И вроде умом понимается, что с такой травмой, как у Андрея, любой на его месте сдался бы, а может, и вовсе бросил работу в Фатуи, добившись окончания службы по состоянию здоровья, но Андрей — не любой. Андрей всегда был гордым и самодостаточным. Андрей жил своей работой вне душных кабинетов, жил приключениями, жил сражениями, а сейчас…
А сейчас это больше не её забота. Пусть в прошлом она пыталась сделать всё, чтобы обеспечить ему достойную жизнь, как он когда-то поступил для неё, сейчас это не имеет значения. Если он так решил… да будет так.
Если она не решалась раньше поговорить с ним, то сейчас — тем более не решится. Прошло слишком много времени с тех пор. Поздно пытаться исправить определённые аспекты их… дружбы.
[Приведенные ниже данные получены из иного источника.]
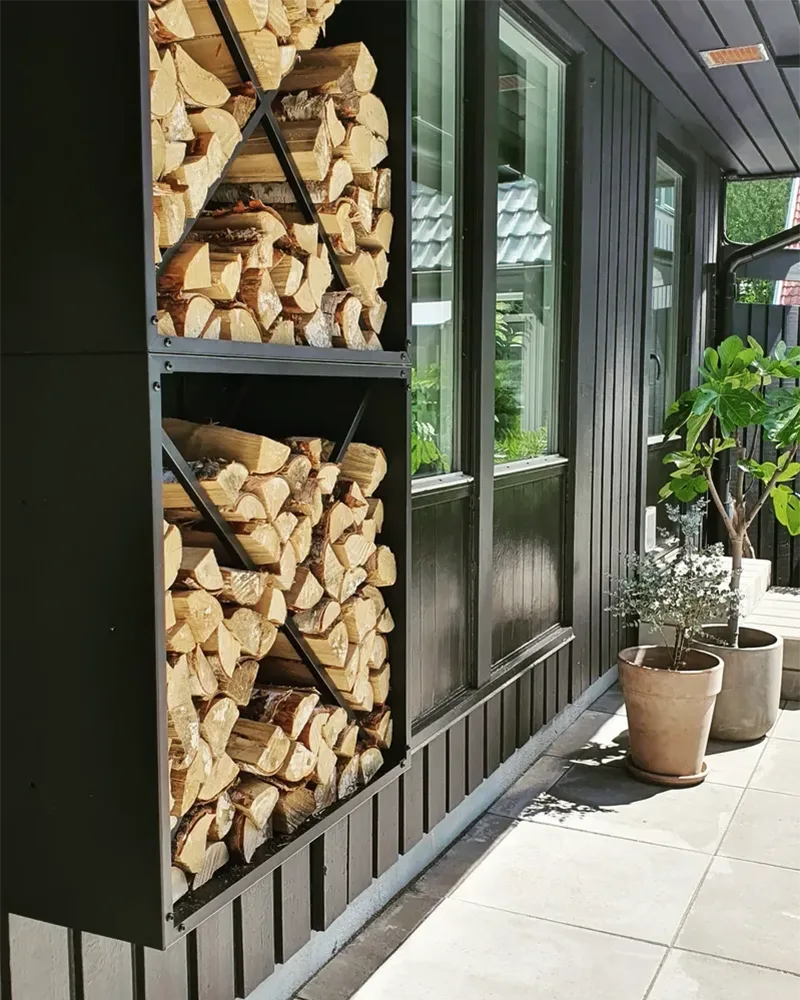 Outdoor Metal Rectangular Log Holder Firewood Rack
Вынужденной и навязанной обстоятельствами.
— Опять взял за привычку пить с утра пораньше, тартыга? — хмыкает Станислава, поднимаясь места, чтобы лениво пройтись вперёд-назад по кабинету, потягиваясь, надеясь быстро настроиться обратно на работу.
— Это всего лишь клюквенный сок, моя дорогая, — Андрей улыбается ей, качнув стаканом, — а я — трезвее трезвого, к моему великому сожалению. Сегодня попросту не тот день, когда я могу позволить себе подобное
Станиславе даже не нужно самой пробовать его напиток, чтобы быть уверенной в том, что Андрей продолжает ей нагло врать.
— Не можешь себе позволить, да? — усмехается Станислава. — Тогда с каких пор клюква в спирту считается соком?
— Понятия не имею, о чём ты, — с наигранным удивлением отвечает Андрей, разведя руками, прежде чем подхватить ящик с реагентами и ускользнуть в лабораторию, выглядя впервые за долгое время как настоящий ответственный работник, — столько дел, столько дел… могла бы и помочь, знаешь ли. В такие моменты я ненавижу быть начальником. Появляется ощущение, что я заведую не исследовательским центром, а детским садом.
— В честь чего такой переполох? — Станислава устало зевает, прикрываясь ладонью, и лениво семенит за Андреем следом, не желая оставаться наедине с собой.
— Я так завидую твоему безразличию, — наигранно-огорчённо вздыхает Андрей, ловко рассортировывая принесённое по законным местам, — скоро нужно будет вновь предоставить отчёты по главным разработкам господину…
Станислава громко цокает, закатывая глаза и складывая руки на груди, уже зная, что за имя прозвучит дальше. Андрей, косо глянув на неё, невозмутимо продолжает.
— Панталоне. И прекрати закатывать глаза каждый раз, когда слышишь про него. Мы зависим от его финансирования и должны оправдывать его ожидания. Если он урежет наш бюджет, посчитав, что мы маемся непонятно чем, господин Иль Дотторе урежет всех нас.
— Этот, — Станислава сжимает переносицу, жмурясь и из всех сил борясь с тем, чтобы в очередной раз не высказать всё, что у неё на уме по этому поводу, — этот господин Панталоне просто любит изводить агентов, и не делай вид, что ты не понимаешь — он не урежет нам финансирование. Мы и так регулярно сдаём ежемесячные отчёты Царице, потому его личный интерес — просто фарс. Хотел бы — просмотрел их.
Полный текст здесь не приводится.